To the Editor:
Peritonitis is a leading cause of morbidity for peritoneal dialysis (PD) patients, with 10% to 20% of events leading to PD cessation.1,2 According to the United States Renal Data System (USRDS), rates of hospitalization for peritonitis have decreased by more than 50% in the US since 2009.3 However, other US studies reported a higher rate of peritonitis hospitalization than is reported by USRDS, raising the possibility that USRDS data on peritonitis as the primary cause of hospitalization may not accurately reflect the true burden of peritonitis.4 Moreover, it is unclear if this trend toward improved peritonitis hospitalization rates has been matched by improvements in outpatient peritonitis rates or has occurred partially as a result of shifting peritonitis treatment to the outpatient setting.
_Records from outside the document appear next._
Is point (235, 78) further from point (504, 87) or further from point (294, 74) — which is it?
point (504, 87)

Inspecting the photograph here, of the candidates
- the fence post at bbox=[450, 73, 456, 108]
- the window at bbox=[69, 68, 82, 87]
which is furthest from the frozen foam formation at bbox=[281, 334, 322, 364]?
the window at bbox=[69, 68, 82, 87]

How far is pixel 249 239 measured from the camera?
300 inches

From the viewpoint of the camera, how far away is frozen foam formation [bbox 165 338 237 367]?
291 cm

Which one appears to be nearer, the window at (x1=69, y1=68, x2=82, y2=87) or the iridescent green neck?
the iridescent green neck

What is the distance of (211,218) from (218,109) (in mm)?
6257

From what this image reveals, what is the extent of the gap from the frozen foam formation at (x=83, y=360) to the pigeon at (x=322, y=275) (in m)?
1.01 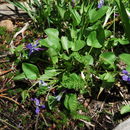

We therefore used a broader definition of peritonitis hospitalization and used antibiotics claims data to define outpatient peritonitis events to more fully examine how peritonitis rates changed for people initiating PD in the United States during the 2009–2018 period.
We used data from the USRDS to identify a cohort of all adults starting PD with Medicare fee-for-service insurance on their end-stage renal disease first service date from 2009 to 2018. Patients were followed for up to 2 years after dialysis initiation or until they experienced death, transplant, recovery of kidney function, conversion to hemodialysis, or discontinuation of fee-for-service coverage. We excluded patients who initiated dialysis in 2019 to 2020 from our analysis because of the effects of the coronavirus disease (COVID)-19 pandemic on PD outcomes.5 Peritonitis episodes were grouped according to the setting of the peritonitis event (hospitalization vs outpatient). Item S1 in the supplementary material discusses the research ethics committee and consent process.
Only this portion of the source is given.